ChromDesigners take part in one activity in Barcelona that will bring Chromatin and other scientific knowledge to society. How would that go?
300 different cities all over Europe, last Friday of September, what could go on? A festival, a party? Almost right!. The European Researchers’ Night (ERN), a major event simultaneously across Europe, intends to bring science, researchers, and technology closer to the public.
Could it be that ChromDesign does not enjoy this opportunity?! Of course not!
On the 27th of September 2019, three ChromDesign’s fellows joined the Barcelona “Nit Europea de la Recerca,” participating in the event “Who is Who in European Science?” in the FabCafè bar. We presented our research projects together with scientists of other ITN consortia and researchers working and studying in different institutes in Barcelona.

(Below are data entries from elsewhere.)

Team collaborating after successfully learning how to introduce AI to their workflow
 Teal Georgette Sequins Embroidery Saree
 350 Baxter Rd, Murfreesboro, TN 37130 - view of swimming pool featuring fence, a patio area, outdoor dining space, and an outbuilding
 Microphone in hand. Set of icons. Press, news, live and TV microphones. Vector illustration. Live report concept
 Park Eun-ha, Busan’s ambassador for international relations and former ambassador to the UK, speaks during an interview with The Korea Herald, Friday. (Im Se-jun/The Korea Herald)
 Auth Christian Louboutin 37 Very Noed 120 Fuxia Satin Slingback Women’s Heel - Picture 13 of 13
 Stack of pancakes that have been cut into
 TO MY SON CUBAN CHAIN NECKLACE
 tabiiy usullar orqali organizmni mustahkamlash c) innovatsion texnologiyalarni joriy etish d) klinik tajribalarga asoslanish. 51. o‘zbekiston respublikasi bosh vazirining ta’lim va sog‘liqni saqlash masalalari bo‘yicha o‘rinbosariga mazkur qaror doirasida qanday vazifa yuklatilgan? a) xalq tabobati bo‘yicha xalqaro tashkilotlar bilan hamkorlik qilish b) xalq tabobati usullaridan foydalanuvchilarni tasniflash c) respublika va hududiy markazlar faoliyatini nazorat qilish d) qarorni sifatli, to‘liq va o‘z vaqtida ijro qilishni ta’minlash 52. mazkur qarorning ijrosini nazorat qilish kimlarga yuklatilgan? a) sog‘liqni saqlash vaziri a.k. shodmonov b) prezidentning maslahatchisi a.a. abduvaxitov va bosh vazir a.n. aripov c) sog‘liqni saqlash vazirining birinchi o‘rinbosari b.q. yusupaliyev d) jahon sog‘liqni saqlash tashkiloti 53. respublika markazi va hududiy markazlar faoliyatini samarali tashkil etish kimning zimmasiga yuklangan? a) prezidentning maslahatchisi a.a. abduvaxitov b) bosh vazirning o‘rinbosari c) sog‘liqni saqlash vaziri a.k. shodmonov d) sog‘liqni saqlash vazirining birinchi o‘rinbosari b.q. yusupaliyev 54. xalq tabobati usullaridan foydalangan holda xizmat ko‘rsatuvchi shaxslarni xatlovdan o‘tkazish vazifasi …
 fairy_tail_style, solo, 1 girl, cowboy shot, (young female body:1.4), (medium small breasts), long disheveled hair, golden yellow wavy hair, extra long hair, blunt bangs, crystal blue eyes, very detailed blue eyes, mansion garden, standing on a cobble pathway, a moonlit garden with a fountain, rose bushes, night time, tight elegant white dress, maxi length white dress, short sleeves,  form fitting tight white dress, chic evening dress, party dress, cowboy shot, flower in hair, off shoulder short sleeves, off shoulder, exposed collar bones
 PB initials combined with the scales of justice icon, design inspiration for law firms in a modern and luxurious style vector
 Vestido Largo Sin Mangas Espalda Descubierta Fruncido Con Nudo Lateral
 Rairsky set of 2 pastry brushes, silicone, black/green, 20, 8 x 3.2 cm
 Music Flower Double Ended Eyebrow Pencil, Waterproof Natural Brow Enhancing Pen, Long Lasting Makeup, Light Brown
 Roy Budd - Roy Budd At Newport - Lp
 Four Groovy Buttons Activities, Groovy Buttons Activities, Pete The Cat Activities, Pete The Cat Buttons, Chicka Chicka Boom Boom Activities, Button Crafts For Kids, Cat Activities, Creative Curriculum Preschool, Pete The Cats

Carla (ELISAVA – Barcelona), Michael (Institute of Human Genetics, CNRS-IGH – Montpellier), and me, Livia (Centro de Regulatió Genomica – Barcelona), were the fellows taking part in the event with a lot of help from Carolin Vogler, a fashion designer. The latter collaborated with ChromDesign in 2019 as an artist in residence.
Our main goal for the event was to share with the general public how we combine Chromatin and Design in our projects, how these two concepts are related to each other.
How could design help our audience to associate an idea of what Chromatin is? Easy, just playing with it!
We built up an interactive chromatin model on the wall of the bar.
Chromatin is the DNA-proteins structure that allows the 2m DNA to fit into the few micrometers nucleus of the cells. It is necessary for the commitment of a skin cell to be a skin cell and not an eye’s one, so it is fundamental.
We invited people to discover how Chromatin works, which is its role in the cell nucleus, and we showed them how genes “turn on and off” directly there, on the wall of the bar.
The most exciting part – from our point of view – was the after-game moment. We started discussing with the public about our scientific projects and, even more interesting, about their curiosities. We realised how far from the “real life” science looks for the non-scientific public, how this audience is not involved in the scientific research discussions. So they cannot understand deeply the relevance and the importance that science and research have for society.
Facing this lack of communication between these two “worlds” let us realise how important could our work be to bridge them. It is no coincidence that one of the main goals of ChromDesign is, indeed, to fill this gap.